_TASK INSTRUCTIONS_: No pictures should be carried over. Output all other parts of the entries verbatim.

****

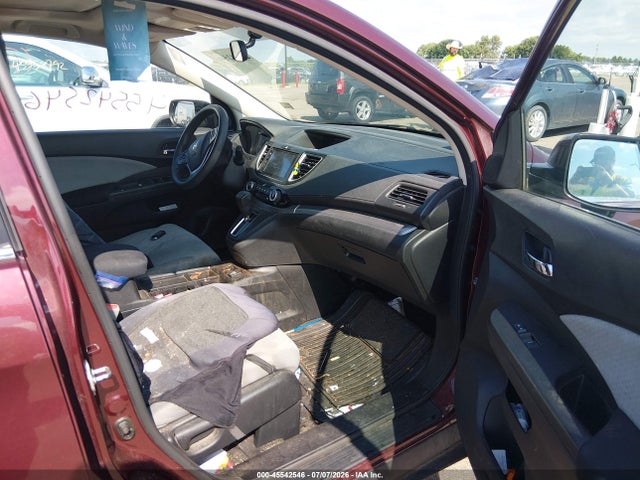 Honda CR-V EX 2015 2HKRM4H57FH664097 Image 5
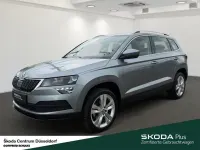 Gebraucht Skoda Karoq Style 150 PS (110 kW) 2022 Grau SUV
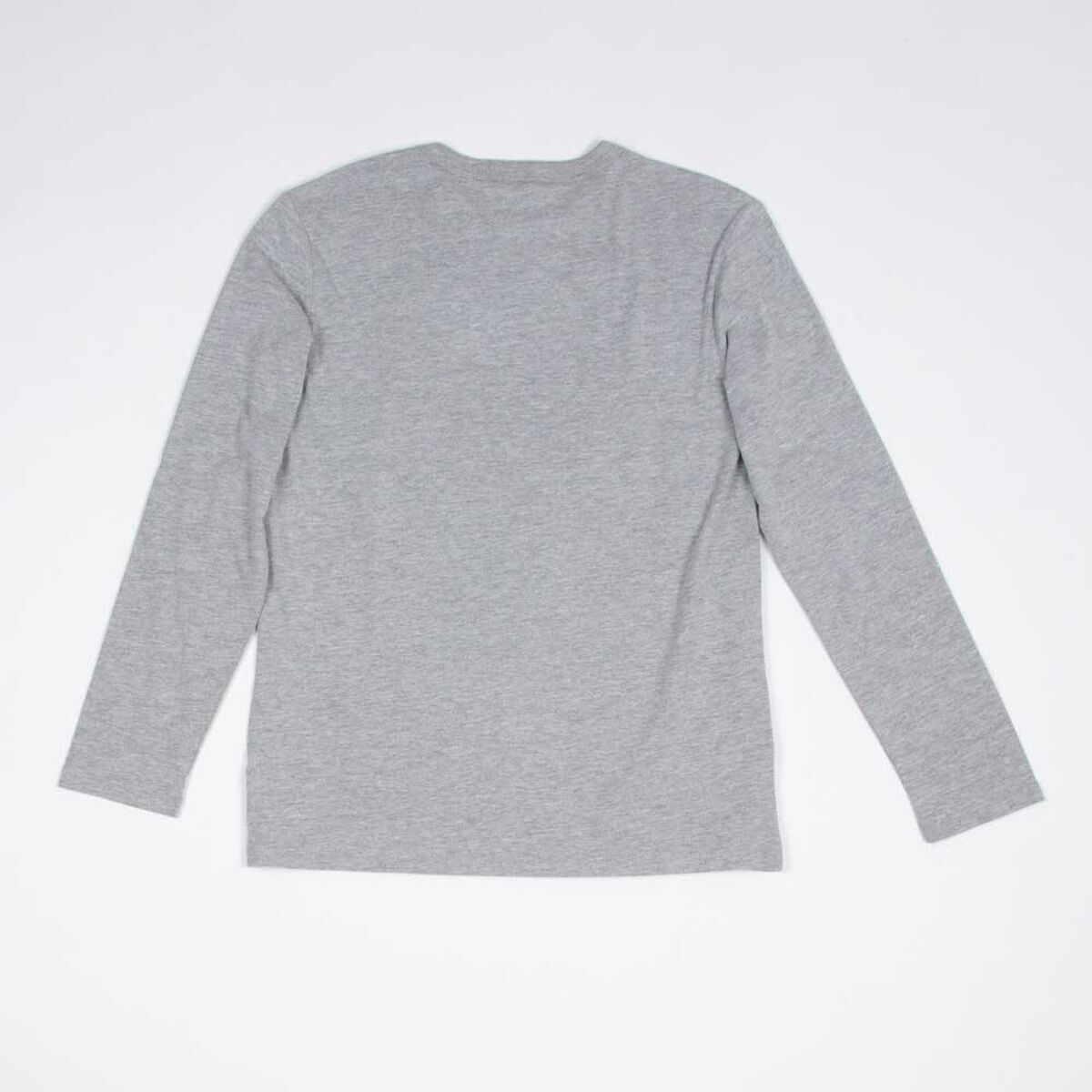 Polera Manga Larga Algodón Niño Cutback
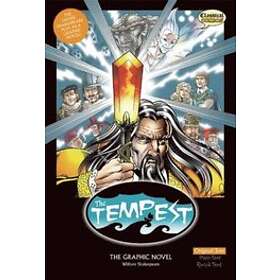 Gary Erskine, John McDonald: The Tempest the Graphic Novel: Original Text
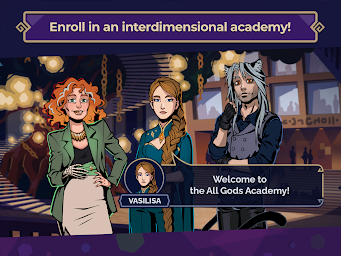 All Gods Academy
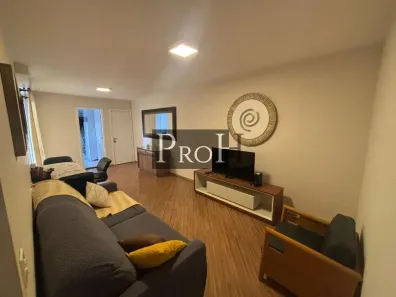 Apartamento com 3 Quartos à venda, 89m² no Campestre, Santo André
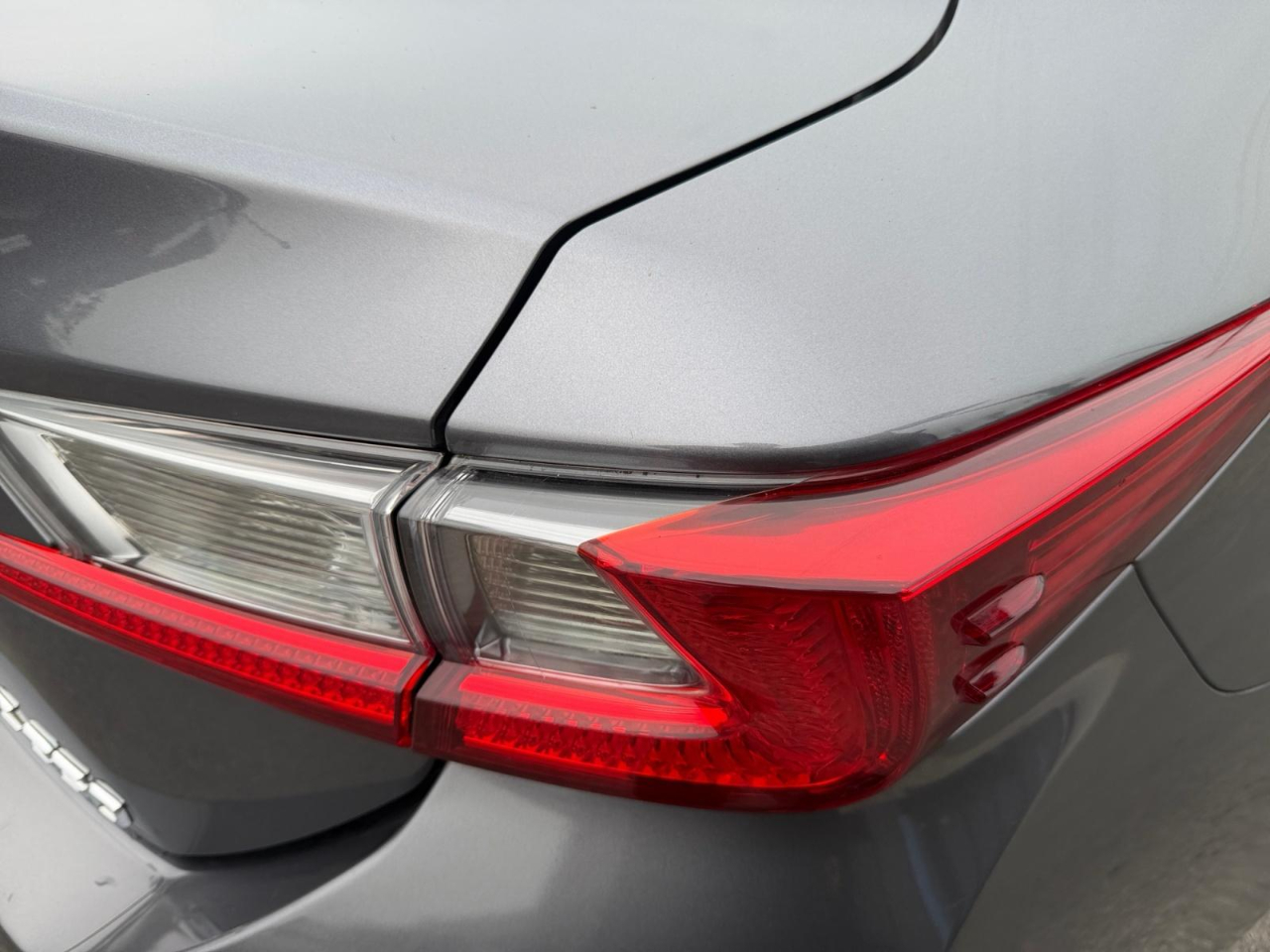 Lexus RC 350 RWD 2015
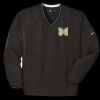 Nike Golf V Neck Wind Shirt Thumbnail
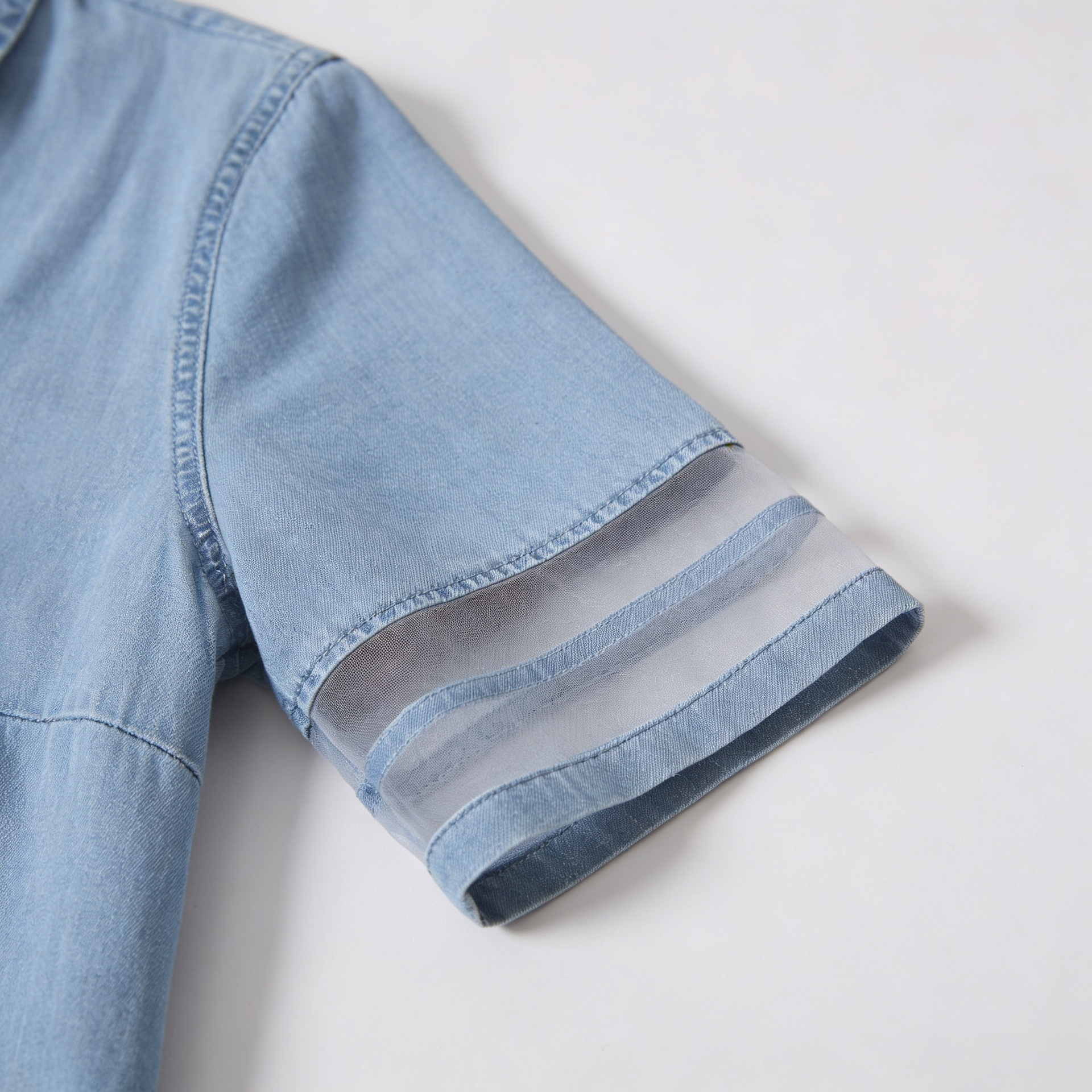 Helvano | Klassisches Jeanskleid für Damen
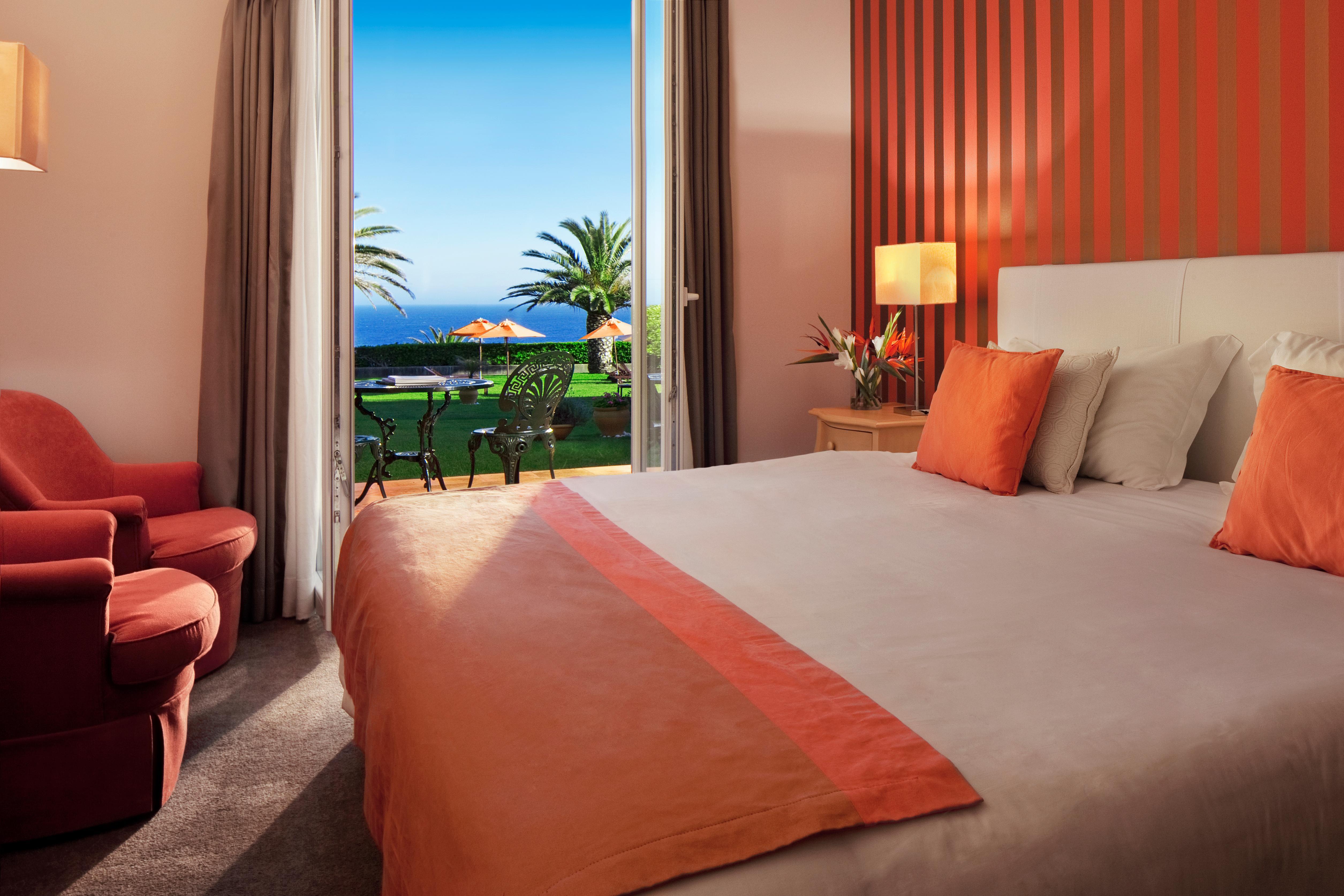 Longevity Senses - Cascais Boutique Hotel - Adults Only Luaran gambar A room at the hotel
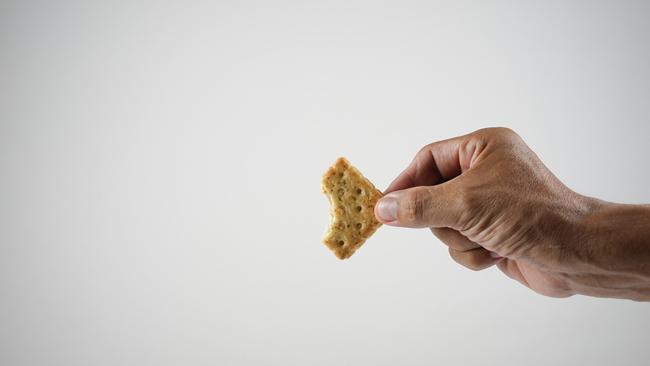 This half eaten cracker may be worth more than McPhillamys since Tanya Plibersek got involved. Pic: Getty Images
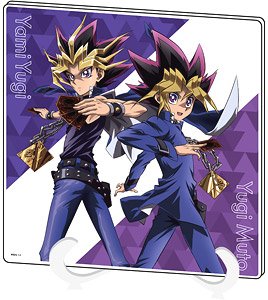 Acrylic Art Board [Yu-Gi-Oh! Duel Monsters] 01 Yugi Muto & Yami Yugi ([Especially Illustrated]) (Anime Toy)
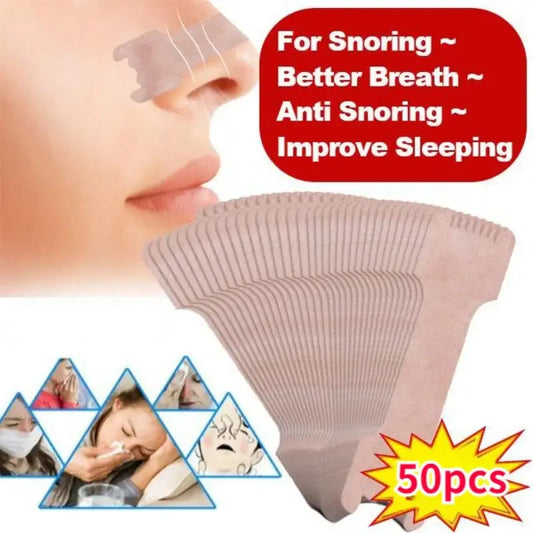 Nasal Strips To Stop Snoring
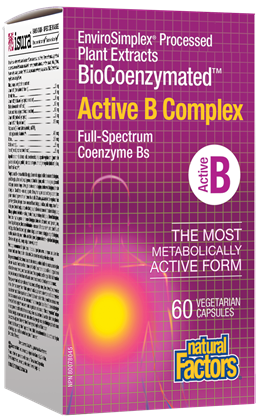 Active B Complex BioCoenzymated™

****

_TASK RESULT_:
 Honda CR-V EX 2015 2HKRM4H57FH664097 Image 5
 Gebraucht Skoda Karoq Style 150 PS (110 kW) 2022 Grau SUV
 Polera Manga Larga Algodón Niño Cutback
 Gary Erskine, John McDonald: The Tempest the Graphic Novel: Original Text
 All Gods Academy
 Apartamento com 3 Quartos à venda, 89m² no Campestre, Santo André
 Lexus RC 350 RWD 2015
 Nike Golf V Neck Wind Shirt Thumbnail
 Helvano | Klassisches Jeanskleid für Damen
 Longevity Senses - Cascais Boutique Hotel - Adults Only Luaran gambar A room at the hotel
 This half eaten cracker may be worth more than McPhillamys since Tanya Plibersek got involved. Pic: Getty Images
 Acrylic Art Board [Yu-Gi-Oh! Duel Monsters] 01 Yugi Muto & Yami Yugi ([Especially Illustrated]) (Anime Toy)
 Nasal Strips To Stop Snoring
 Active B Complex BioCoenzymated™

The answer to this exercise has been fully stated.